2. Standard Framework

There are more than one hundred EN standards related to glass in buildings, about 20 of them are harmonized standards. In addition to these, there are harmonised technical specifications that refer to products and systems with glass elements, such as curtain walls, doors and windows, internal partition kits, structural sealant glazing kits (SSGK), and more are under development.

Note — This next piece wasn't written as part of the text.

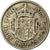 Moeda, Grã-Bretanha, Elizabeth II, 1/2 Crown, 1957, VF(20-25), Cobre-níquel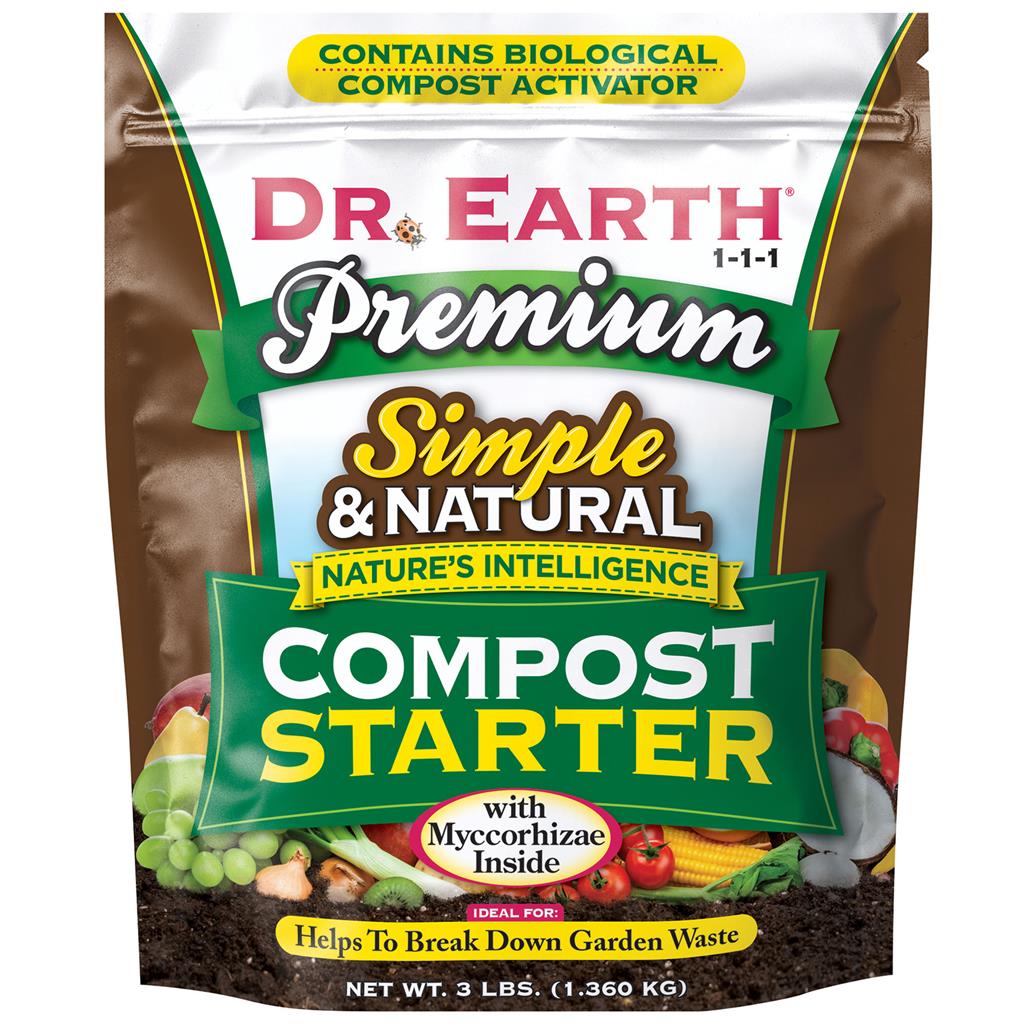 Dr. Earth 3 lb. Bag Compost Starter 1-1-1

For the time being, no glass elements or products are covered by harmonised standards taking into account some essential characteristics related to the first basic requirements for construction works (BWR1) “mechanical resistance and stability” as defined in Annex I of Regulation (EU) No 305/2011 of the European Parliament and of the Council of 9 March 2011 [23] laying down harmonised conditions for the marketing of construction products and repealing Council Directive 89/106/ECC. Commission Decision 2000/245/EC of 2 February 2000, from which the harmonised standards on glass products are derived, relating to flat glass, profiled glass, and glass block products, does not consider load-bearing applications and because of this, the BWR1 is not considered. In our opinion, also the “mechanical” essential characteristics for glass cantilevered railings or balustrades are related to BWR4 “safety and accessibility in use” as it is the case for facades where no other fall protection system is provided other than the glass infill panel. Therefore, attention should be paid to this subject and a rigorous technical-scientific approach should be conducted to determine the characteristics of these products whose collapse might be a serious danger to the safety of people.

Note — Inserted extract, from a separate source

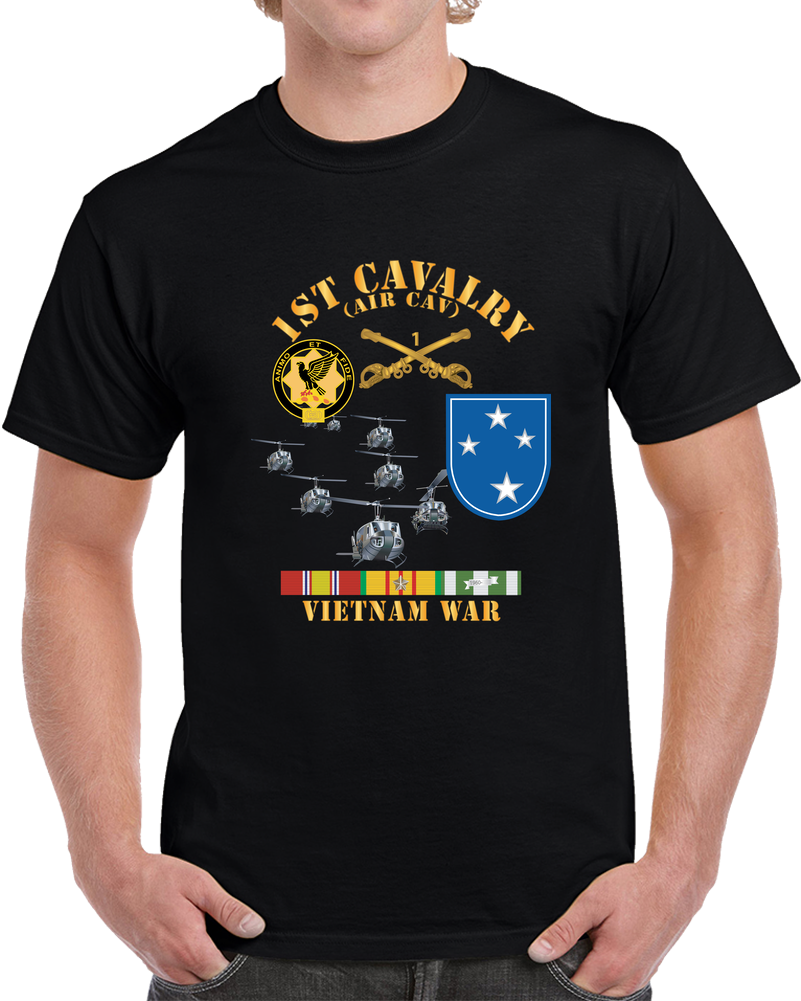 Army - 1st Cavalry (air Cav) - 23rd Infantry Division W SVC X 300 T Shirt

The only apparent formal distinction between BWR1 and BWR4 can instead have an influence on the definition of assessment and verification of constancy of performance (AVCP) of products in relation to their essential characteristics in accordance with the systems set out in Annex V to Regulation (EU) 305/2011 [23] directly affecting the cost to be incurred by manufacturers.

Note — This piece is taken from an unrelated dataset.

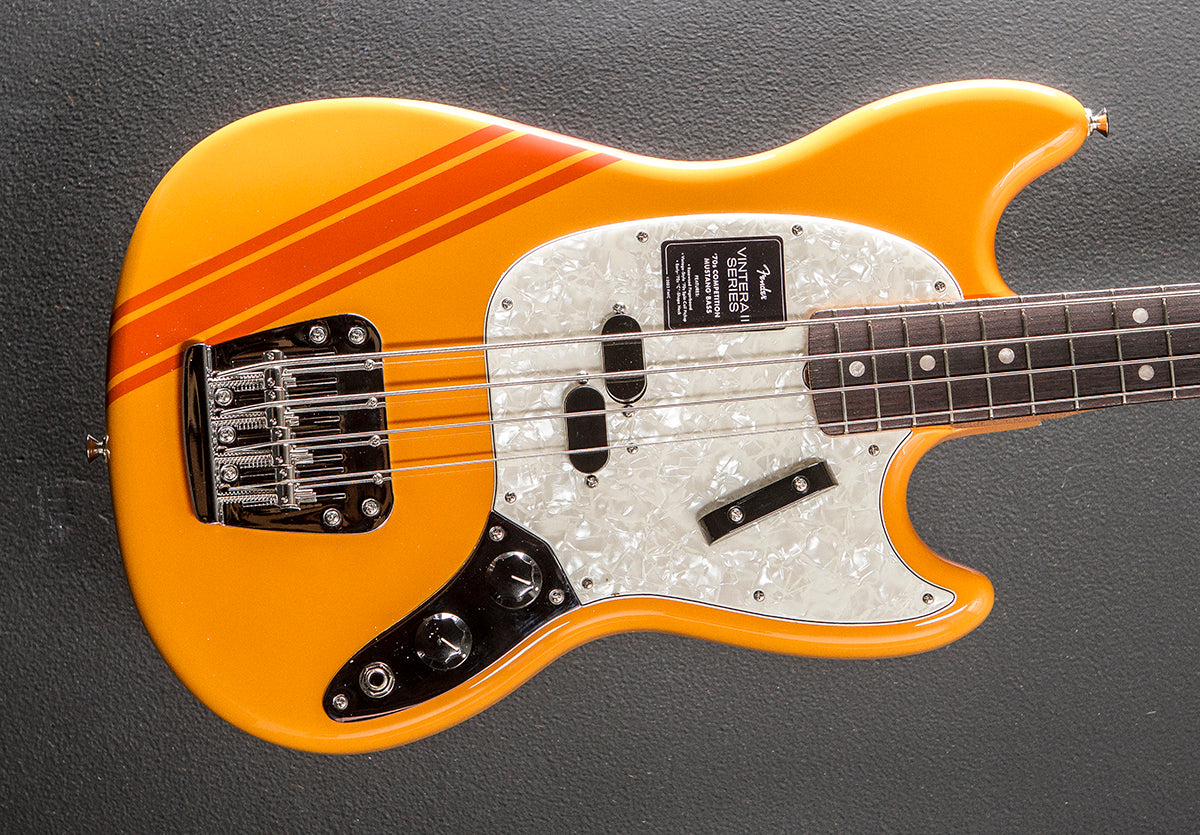 fender vintera 70's mustang オレンジ Fender Vintera II '70s Competition Mustang - Competition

A number of European Assessment Documents (EADs), the documents adopted by the organization of Technical Assessment Body (TAB) for the purpose of issuing European Technical Assessments (ETAs), are currently under development. The most advanced document relates to “cantilevered structural glass railing/balustrade” (EAD 090040-00-0404 [24]): it has been at EOTA adoption level since 25.02.2016. It was stopped because in accordance with Article 28 and 60 of Regulation (EU) 305/2011 [23], the commission is developing a specific Delegated Decision on AVCP system. In this regard, there is currently only one draft document, which has not been adopted or endorsed by EC, representing the preliminary views of the commission services referring to balustrade kits and railing kits to be used in construction works solely to prevent falls and not submitted to vertical loads from the structure. This document would seem to be aimed at defining the AVCP system as a function of the horizontal loads applied to the products. When the products, under their intended use, are subjected to horizontal loads lower than the established load level, the assessment of their performance regarding all essential characteristics, except reaction to fire, should be carried out by the manufacturer; in the other cases (horizontal loads greater than the established level), the assessment should be carried out by a third party.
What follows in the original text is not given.